Urban Ministry continues to serve a hot meal to almost 500 people a day — but its mission has radically changed. The organization celebrates 20 years this month with an art exhibit and a plan to end homelessness in Charlotte, at least among certain high-risk populations, that could see fruition within the next couple of years.

Getting Together

Back in '94, a coalition of business donors, including NationsBank, Duke Power, Southern Bell, First Union National Bank, United Carolina Bank and Transamerica, agreed to fund the purchase of the old Seaboard station at 945 N. College St. First Presbyterian, First United Methodist, St. Peter's Episcopal and St. Peter's Catholic formed an organization to staff it and provide the services. They recruited Dale Mullennix, pastor of Myers Park Baptist Church, who had been instrumental in getting his own congregation involved in service and mission work. He came on as executive director two months before Urban Ministry officially opened its doors.

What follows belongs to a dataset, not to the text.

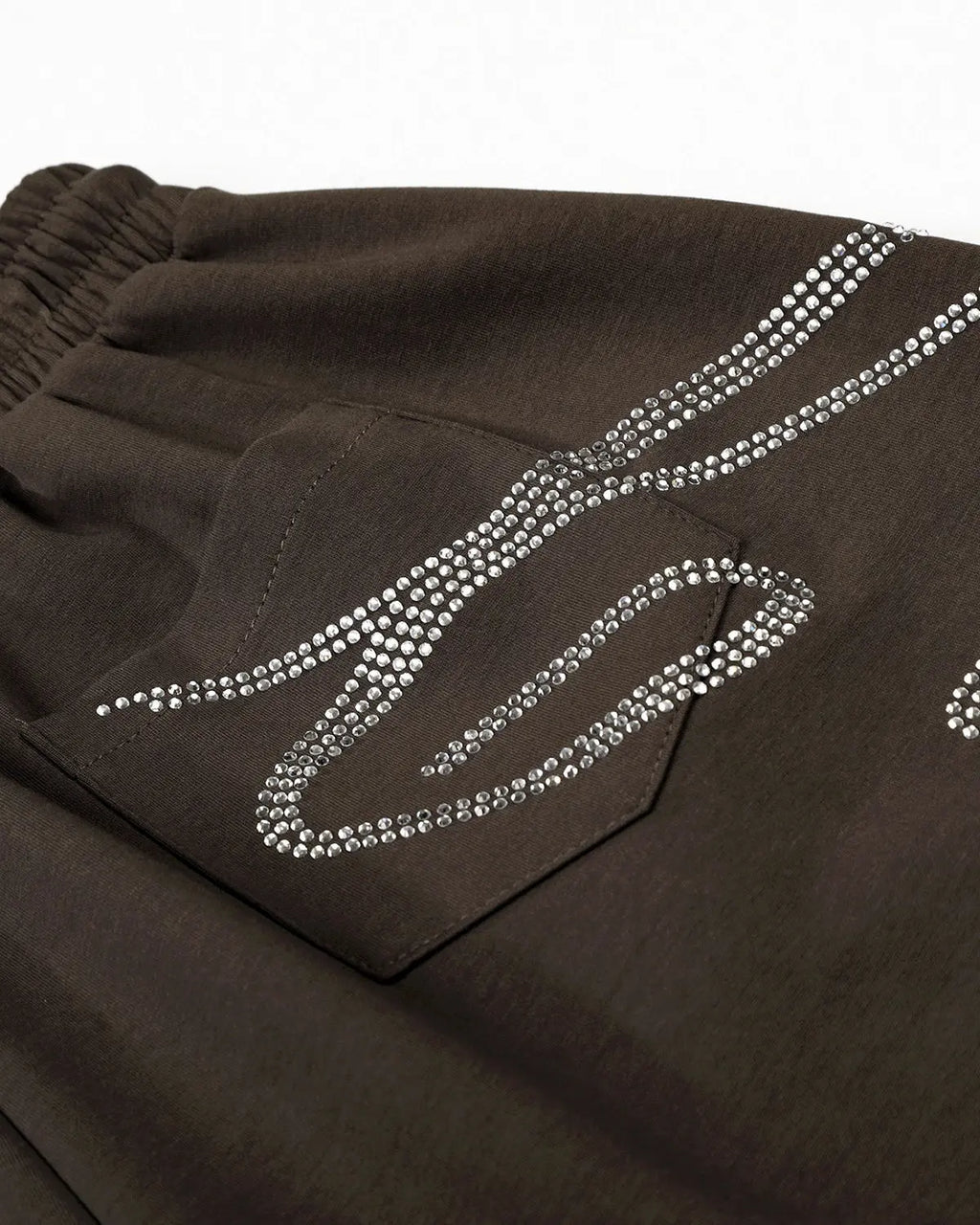 Rhinestone Baggy Joggers | Inflation Streetwear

Urban Ministry offered food, hot showers, mail, use of laundry facilities and counseling to serve the immediate needs of people on the street. They spent the first few years in operation trying to understand the populations they served.

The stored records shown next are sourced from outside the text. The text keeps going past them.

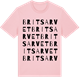 Pink Cotton t-shirt med Britsarvet ordlek t-shirt
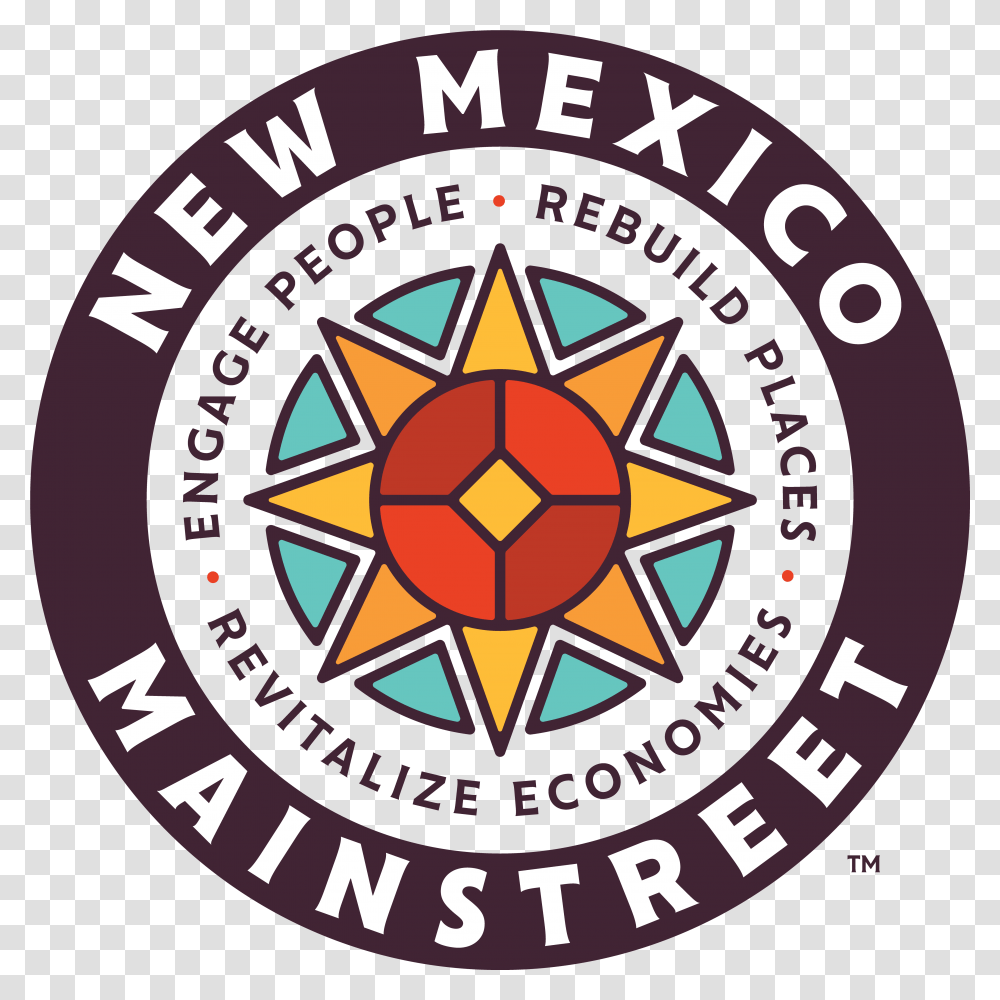 New Mexico Mainstreet New Mexico Mainstreet Logo, Symbol, Trademark, Dynamite, Bomb Transparent Png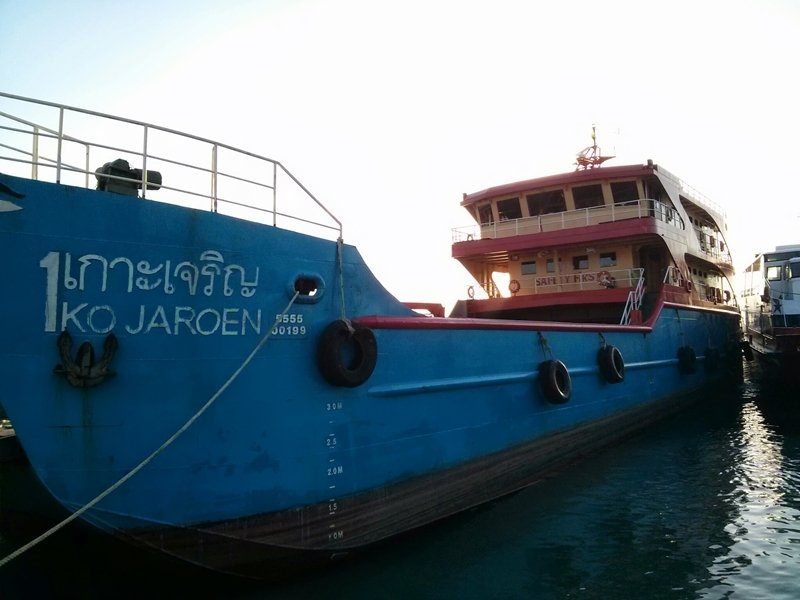 Ferry Nocturno Chumphon - Koh Tao - Chumphon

"We didn't assume we knew everything there is to know," Mullennix says. "I like to say we were a bunch of do-gooders, but we knew we weren't experts on homelessness. We tried to listen to people."

Some people walked in with clear ideas of what help they needed, and Urban Ministry saw clear results in those interactions.

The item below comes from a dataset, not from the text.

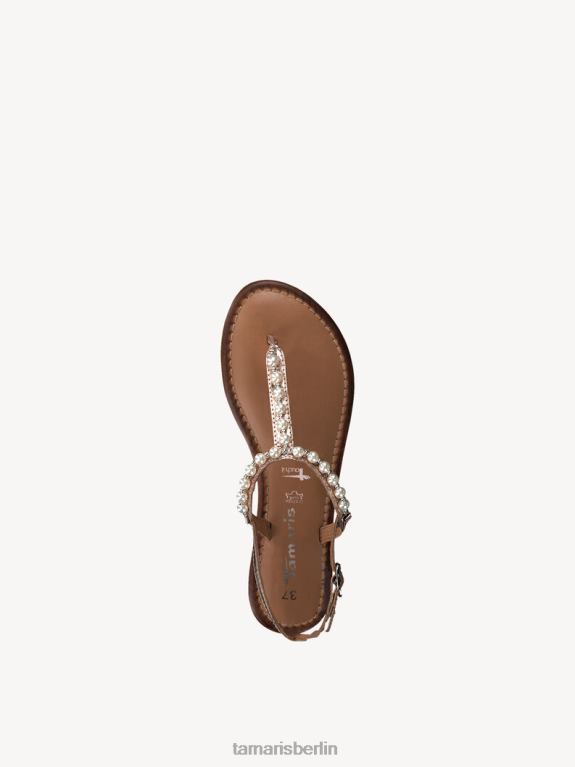 de Tamaris Frauen Ledersandale – Metallic/Rosé-Metallic 0LHV41728 Schuhe
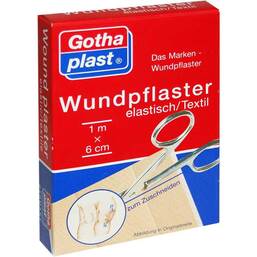 Abbildung: Gothaplast Wundpflaster elastisch 1mx6cm Euroaufhänger 1 St, Pflaster PZN 04092192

"We were kind of like travel agents; we'd identify options and paths to get people where they were trying to go. But we couldn't tell them what to do or make the journey for them," Mullennix says. So if a laid-off construction worker who had become homeless found a job but needed work boots, Urban Ministry would get the money for boots. These people experiencing temporary homelessness, who just needed a little help getting back on their feet, were the majority of those who came in the door.

A smaller group of others were harder to help. They came not asking for much: food, a shower. They were the chronically homeless: in and out of jail for petty crime, long-term health conditions, not seeking much more than a single night indoors. Urban Ministry provided services, including offering counseling, to this second group, but didn't push. The squeaky wheels got the oil, and the chronically homeless continued to bounce in and out of services.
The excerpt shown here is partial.